If this is your first time choosing Policies, the Welcome to Managed Policies page appears. Choose Get Started.
-
Choose Create policy.
-
Choose to create the policy on the JSON tab.
-
Paste in the following JSON policy document, which grants access to the Data Catalog but denies the administrator permissions for Lake Formation.
{ "Version": "2012-10-17", "Statement": [ { "Sid": "RedshiftPolicyForLF", "Effect": "Allow", "Action": [ "glue:*", "lakeformation:GetDataAccess" ], "Resource": "*" } ] }
-
When you are finished, choose Review to review the policy. The policy validator reports any syntax errors.
-
On the Review policy page, for Name enter a name for the policy that you are creating, for example, mydatalake_policy. Enter a Description (optional). Review the policy Summary to see the permissions that are granted by your policy. Then choose Create policy to save your work.

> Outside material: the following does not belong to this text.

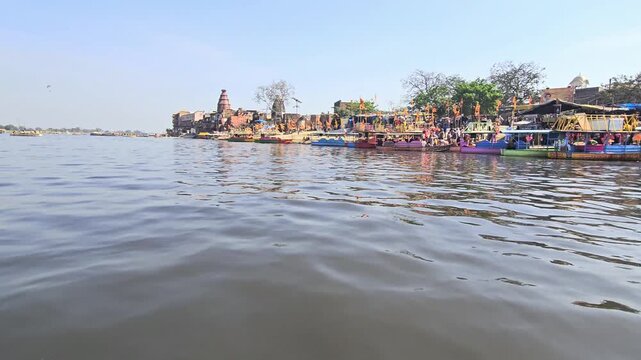 Scenic view of Kaliya Ghat (Kalideh) in Vrindavan from the Yamuna River, showcasing historic temples, ghats, and traditional architecture. This sacred location is associated with Lord Krishna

After you create a policy, you can create a role and apply the policy.
-
In the navigation pane of the IAM console, choose Roles, and then choose Create role.
-
For Select type of trusted entity, choose Amazon service.
-
Choose the Amazon Redshift service to assume this role.
-
Choose the Redshift Customizable use case for your service. Then choose Next: Permissions.
-
Choose the permissions policy that you created,
mydatalake_policy
, to attach to the role. -
Choose Next: Tagging.
-
Choose Next: Review.
-
For Role name, enter a name for the role, for example, mydatalake_role.
-
(Optional) For Role description, enter a description for the new role.
-
Review the role, and then choose Create role.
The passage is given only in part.